So you can add the alternating sign log(n)-log(2) to the other log(n-1) and find a nice little pattern. You can also subtract the alternating sign log(n) - log(2) from the normal sign log(n-1) and find a neat little pattern as well. Although now that I'm thinking about it, it looks different then what I thought I had worked out before. :facepalm:

I'm getting (for the second idea above):

log (6)-log(2)-log(5)=
\( \frac {1}{2^2 \times 1} + \frac {1}{2^4 \times 2}+ \frac {1}{2^6 \times 3}...\)
\( \frac {1}{3^2 \times 1} + \frac {1}{3^4 \times 2}+ \frac {1}{3^6 \times 3}...\)
\(\frac {1}{4^2 \times 1} + \frac {1}{4^4 \times 2}+ \frac {1}{4^6 \times 3}...\)
\(\frac {1}{5^2 \times 1} + \frac {1}{5^4 \times 2}+ \frac {1}{5^6 \times 3}...\)

Which should mean that I can calculate the value of every other zeta function added together (zeta (2k-1)/k)... or something like that.

Anyway... time for me to get some sleep. Thanks for the fun thoughts.
 
There is a much better way to state that result. Define a partial zeta function:
\( \zeta(s,n) = \sum_{m=1}^{n} \frac{1}{m^s} \)

Then one can show that
\( \log n = \sum_{k=1}^{\infty} \frac{\zeta(k,n) - 1}{k} \)

BTW, the Euler-Mascheroni constant is defined as
\( \gamma = \lim_{n->\infty} (\zeta(1,n) - \log n) \)

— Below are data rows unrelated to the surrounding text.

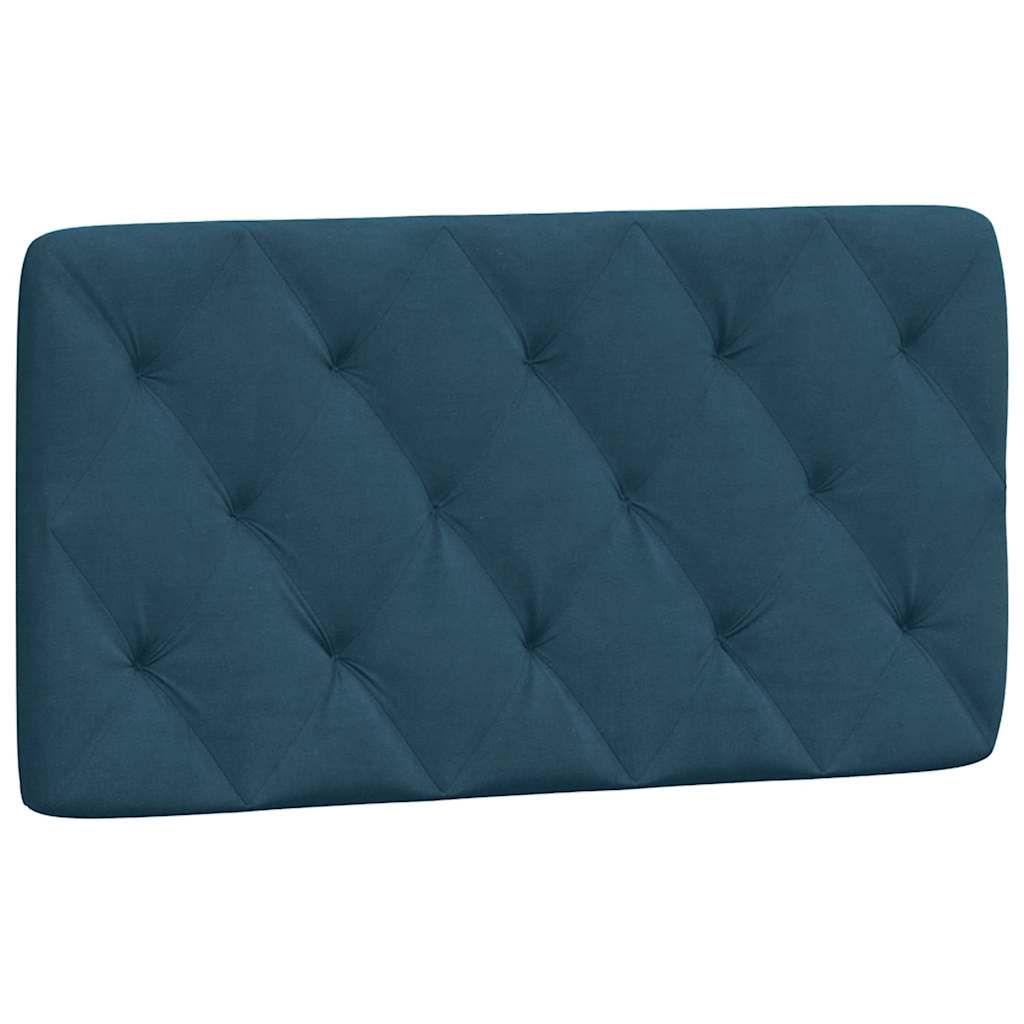 Bett mit Matratze Hellgrau 80x200 cm Samt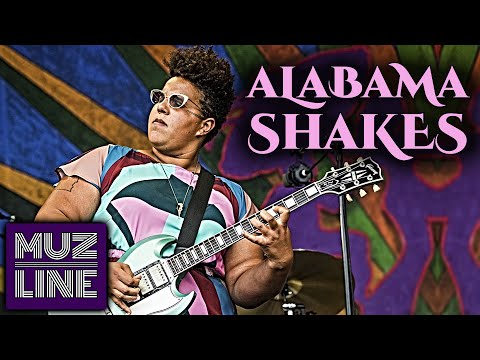 Alabama Shakes Live at New Orleans Jazz & Heritage Festival 2014
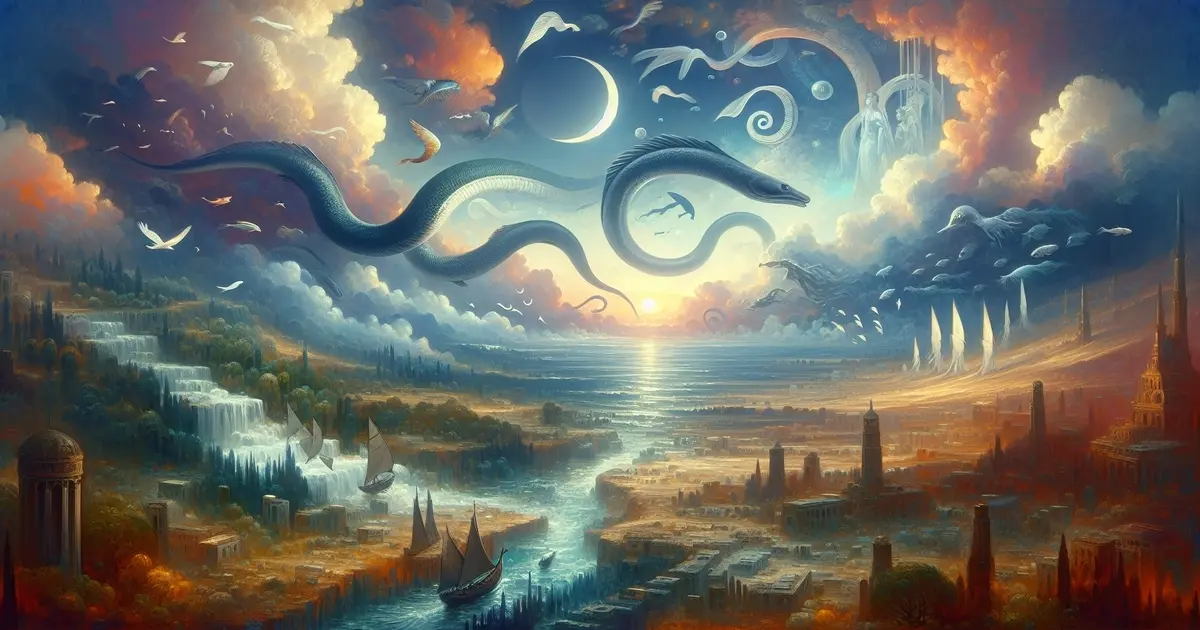 Dreams About Eels: Exploring Their Symbolism & Significance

There's also a theorem that states
\( \zeta(s) = \frac{1}{s-1} + \gamma + O(s-1) \)
 
There is a much better way to state that result. Define a partial zeta function:
\( \zeta(s,n) = \sum_{m=1}^{n} \frac{1}{m^s} \)

Then one can show that
\( \log n = \sum_{k=1}^{\infty} \frac{\zeta(k,n) - 1}{k} \)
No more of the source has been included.